A series of water soluble copper(ii) complexes, [Cu(κO ¹ O ² N-H ₂ L ¹ )(H ₂ O) ₂ ]·2H ₂ O (2), [Cu(κO-H ₃ L ¹ ) ₂ (H ₂ O) ₄ ] (3), [Cu(κO-H ₄ L ² ) ₂ (H ₂ O) ₄ ] (5) and [Cu(H ₂ O) ₆ ]·2H ₂ L ³ ·2(CH ₃ ) ₂ NCHO (7), were prepared by the reaction of Cu(NO ₃ ) ₂ ·3H ₂ O with sodium (Z)-2-(2-(1-amino-1,3-dioxobutan-2-ylidene)hydrazineyl)benzenesulfonate, [Na(μ ₄ -1:2κO ¹ ,2κO ² ,3κO ³ ,4κO ⁴ -H ₃ L ¹ )] _n (1; for 2 and 3), sodium (Z)-3-(2-(1-amino-1,3-dioxobutan-2-ylidene)hydrazineyl)-4-hydroxybenzene-sulfonate, [Na(μ-1κO ¹ ,2κO ² -H ₄ L ² )] ₂ (4; for 5) or sodium (Z)-2-(2-(1,3-dioxo-1-(phenylamino)butan-2-ylidene)hydrazineyl)naphthalene-1-sulfonate, [Na(μ-1κO ¹ O ² ,2κO ³ -H ₂ L ³ )(CH ₃ OH) ₂ ] ₂ (6; for 7).
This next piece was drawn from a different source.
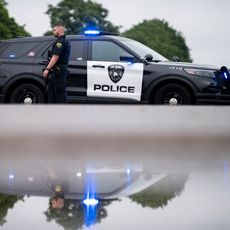 Une chasse &agrave; l'homme a &eacute;t&eacute; lanc&eacute;e pour retrouver l'auteur pr&eacute;sum&eacute; du meurtre d'une &eacute;lue locale du Minnesota aux &Eacute;tats-Unis, le 14 juin 2025.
Compounds 1-7 were fully characterized, also by single-crystal X-ray diffraction analysis, and applied as homogeneous catalysts for the azide-alkyne cycloaddition (AAC) reaction to afford 1,4-disubstituted 1,2,3-triazoles. A structure-catalytic activity relationship has been recognized for the first time on the basis of the occurrence of resonance- and charge-assisted hydrogen bond interactions (RAHB and CAHB), in charge and ligand binding modes, enabling the catalytic activity of the compounds to be ordered as follows: Cu(NO ₃ ) ₂ ≪ 7 (complex salt with RAHB and CAHB) < 3 (with RAHB and CAHB) < 5 (with RAHB) < 2 (neither RAHB nor CAHB). Complex 2, without such non-covalent interactions, was found to be the most efficient catalyst for the AAC reaction, affording up to 98% product yield after being placed for 15 min, at 125 °C, in a water/acetonitrile mixture under low power (10 W) MW irradiation.